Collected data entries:
*** Block opens ***
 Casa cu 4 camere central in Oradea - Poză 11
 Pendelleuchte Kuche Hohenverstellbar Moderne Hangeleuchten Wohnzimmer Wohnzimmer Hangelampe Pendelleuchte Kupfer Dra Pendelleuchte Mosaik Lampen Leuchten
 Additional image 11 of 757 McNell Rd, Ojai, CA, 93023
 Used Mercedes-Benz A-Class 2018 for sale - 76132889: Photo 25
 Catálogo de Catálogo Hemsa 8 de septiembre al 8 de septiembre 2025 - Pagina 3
*** Block closes ***
*** Block opens ***
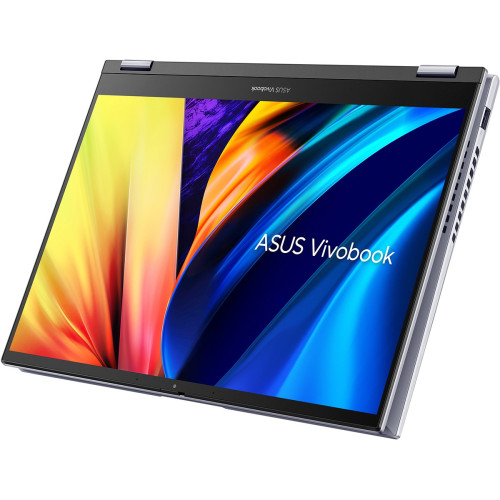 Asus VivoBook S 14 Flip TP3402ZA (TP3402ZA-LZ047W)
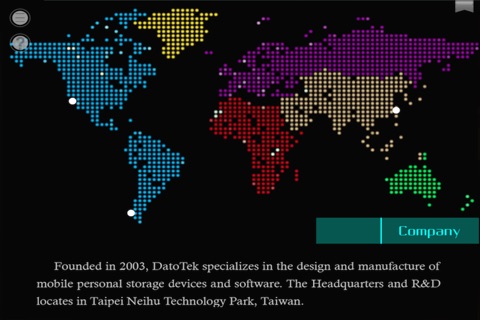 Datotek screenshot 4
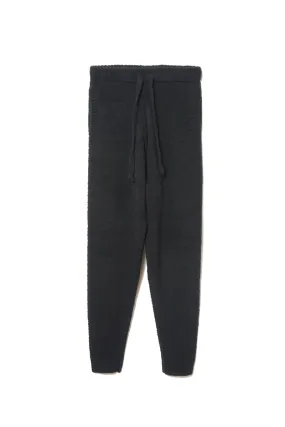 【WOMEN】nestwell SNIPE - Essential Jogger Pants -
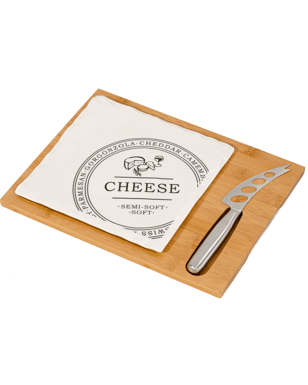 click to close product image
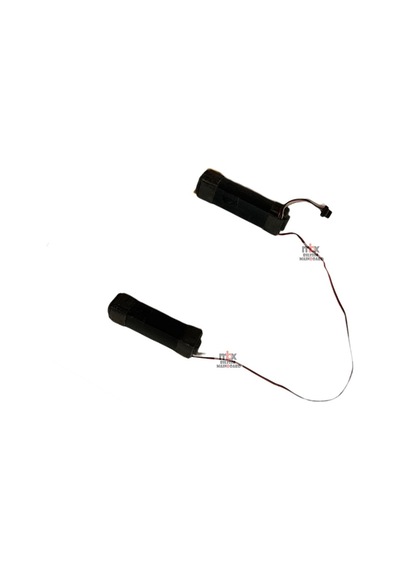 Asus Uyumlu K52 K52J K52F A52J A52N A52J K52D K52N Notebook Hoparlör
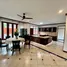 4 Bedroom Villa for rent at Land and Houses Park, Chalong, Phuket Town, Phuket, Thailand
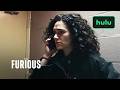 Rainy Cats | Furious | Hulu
*** Block closes ***
• [Instructions to follow] Using the entries above, return exactly the lines from the line with "Casa cu 4 camere central in Oradea - Poză 11" to the line with "Catálogo de Catálogo", counting both of those lines.

• [Reply]
 Casa cu 4 camere central in Oradea - Poză 11
 Pendelleuchte Kuche Hohenverstellbar Moderne Hangeleuchten Wohnzimmer Wohnzimmer Hangelampe Pendelleuchte Kupfer Dra Pendelleuchte Mosaik Lampen Leuchten
 Additional image 11 of 757 McNell Rd, Ojai, CA, 93023
 Used Mercedes-Benz A-Class 2018 for sale - 76132889: Photo 25
 Catálogo de Catálogo Hemsa 8 de septiembre al 8 de septiembre 2025 - Pagina 3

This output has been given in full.